Earning widespread notice for his richly colored and superbly crafted scores, Pierre Jalbert (b. 1967) has developed a musical language that is engaging, expressive, and “immediately captures one’s attention with its strong gesture and vitality” (American Academy of Arts and Letters).  Among his many honors are the Rome Prize, the BBC Masterprize, a Guggenheim Fellowship, the Fromm Foundation commission, the Chamber Music Society of Lincoln Center's Stoeger Award, given biennially "in recognition of significant contributions to the chamber music repertory", and an Academy award from the American Academy of Arts and Letters.  
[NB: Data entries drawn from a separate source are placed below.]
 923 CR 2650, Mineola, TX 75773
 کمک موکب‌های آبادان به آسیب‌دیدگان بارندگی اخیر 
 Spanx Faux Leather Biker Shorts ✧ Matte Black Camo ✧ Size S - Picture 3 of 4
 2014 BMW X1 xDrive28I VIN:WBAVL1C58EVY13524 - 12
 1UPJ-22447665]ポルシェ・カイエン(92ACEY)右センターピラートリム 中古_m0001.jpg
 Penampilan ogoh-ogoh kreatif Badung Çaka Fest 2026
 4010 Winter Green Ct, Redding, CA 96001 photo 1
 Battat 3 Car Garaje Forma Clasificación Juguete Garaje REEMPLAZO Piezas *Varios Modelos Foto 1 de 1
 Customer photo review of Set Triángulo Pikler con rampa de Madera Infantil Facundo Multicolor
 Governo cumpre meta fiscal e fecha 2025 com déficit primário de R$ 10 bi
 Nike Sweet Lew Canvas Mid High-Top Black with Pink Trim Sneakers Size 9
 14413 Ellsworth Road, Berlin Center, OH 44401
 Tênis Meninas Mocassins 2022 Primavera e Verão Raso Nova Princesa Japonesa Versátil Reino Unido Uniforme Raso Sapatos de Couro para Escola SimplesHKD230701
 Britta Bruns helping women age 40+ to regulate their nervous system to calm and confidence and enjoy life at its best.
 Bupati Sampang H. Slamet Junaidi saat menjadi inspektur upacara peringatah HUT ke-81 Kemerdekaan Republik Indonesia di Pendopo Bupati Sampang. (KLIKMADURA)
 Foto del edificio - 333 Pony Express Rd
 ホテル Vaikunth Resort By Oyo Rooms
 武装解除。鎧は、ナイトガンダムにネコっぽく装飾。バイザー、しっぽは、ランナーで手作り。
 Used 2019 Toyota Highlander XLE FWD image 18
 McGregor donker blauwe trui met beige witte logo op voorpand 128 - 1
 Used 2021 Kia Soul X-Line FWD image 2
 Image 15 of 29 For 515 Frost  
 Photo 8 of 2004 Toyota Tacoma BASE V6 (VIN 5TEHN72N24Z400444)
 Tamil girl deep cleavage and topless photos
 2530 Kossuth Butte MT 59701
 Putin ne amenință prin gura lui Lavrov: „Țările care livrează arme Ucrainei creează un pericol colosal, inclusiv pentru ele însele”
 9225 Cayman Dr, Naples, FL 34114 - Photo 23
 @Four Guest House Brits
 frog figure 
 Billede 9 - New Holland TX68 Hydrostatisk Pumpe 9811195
Jalbert has drawn inspiration from a variety of sources, from plainchant melodies to natural phenomena.  His music has been performed worldwide in such venues as Carnegie Hall, Wigmore Hall, Lincoln Center, the Kennedy Center, and the Barbican.  Recent orchestral performances include those by the Boston Symphony, the National Symphony, the Houston Symphony, the Cabrillo Festival Orchestra, and the Cincinnati Symphony Orchestra under Louis Langrée.  His Violin Concerto was recently premiered by a consortium of three orchestras and soloists; Steven Copes with the Saint Paul Chamber Orchestra, Margaret Batjer with the Los Angeles Chamber Orchestra, and Frank Almond with the Milwaukee Symphony. His recent orchestral song cycle, From Dusk to Starry Night, written for mezzo soprano Sasha Cooke, was recently performed in Montreal with the Orchestre Métropolitain, under the baton of Cristian Macelaru.  He has served as Composer-in-Residence with the Los Angeles Chamber Orchestra, the California Symphony under Barry Jekowsky, and Music in the Loft in Chicago.  Select chamber music commissions and performances include those of the Ying, Borromeo, Maia, Enso, Chiara, Escher, Del Sol, and Emerson String Quartets, as well as violinist Midori.  Three new CDs of his music have been recently released:  Violin Concerto, with Margaret Batjer and the Los Angeles Chamber Orchestra conducted by Jeffrey Kahane, Piano Quintet and Secret Alchemy, performed by the Jupiter String Quartet and Bernadette Harvey, piano, and Piano Trio No. 2, performed by the Morgenstern Piano Trio.

 

Born in Manchester, New Hampshire, to parents of French-Canadian ancestry, Jalbert grew up in northern Vermont. He began piano lessons at the age of five, immersing himself in the classical repertoire. Growing up, he also heard French and English folk songs and Catholic liturgical music, gaining a deep respect for music that communicates powerfully with an economy of means.

 

Following undergraduate studies in piano and composition at Oberlin Conservatory, Jalbert earned a Ph.D. in Composition at the University of Pennsylvania under principal teacher George Crumb. He won the Rome Prize in 2000-2001, and earned the BBC Masterprize in 2001 for his orchestral work In Aeternam, selected from among more than 1,100 scores by a jury that included Marin Alsop, Sir John Eliot Gardiner, and Sir Charles Mackerras. In Aeternam has been performed by the London Symphony Orchestra, the Budapest Symphony, the Seattle Symphony, the National Symphony, the California and Hartford Symphonies, and the Orlando Philharmonic among others.

 

Jalbert's music is tonally centered, incorporating modal, tonal, and sometimes quite dissonant harmonies while retaining a sense of harmonic motion and arrival. He is particularly noted for his mastery of instrumental color: in both chamber works and orchestral scores, he creates timbres that are vivid yet refined. His rhythmic shapes are cogent, often with an unmistakable sense of underlying pulsation. Driving rhythms often alternate with slow sections in which time seems to be suspended.

Jalbert is Professor of Music at Rice University's Shepherd School of Music in Houston, and he is a co-founder of Musiqa, a Houston-based new music collective.  His music is published by Schott Helicon Music Corporation, New York.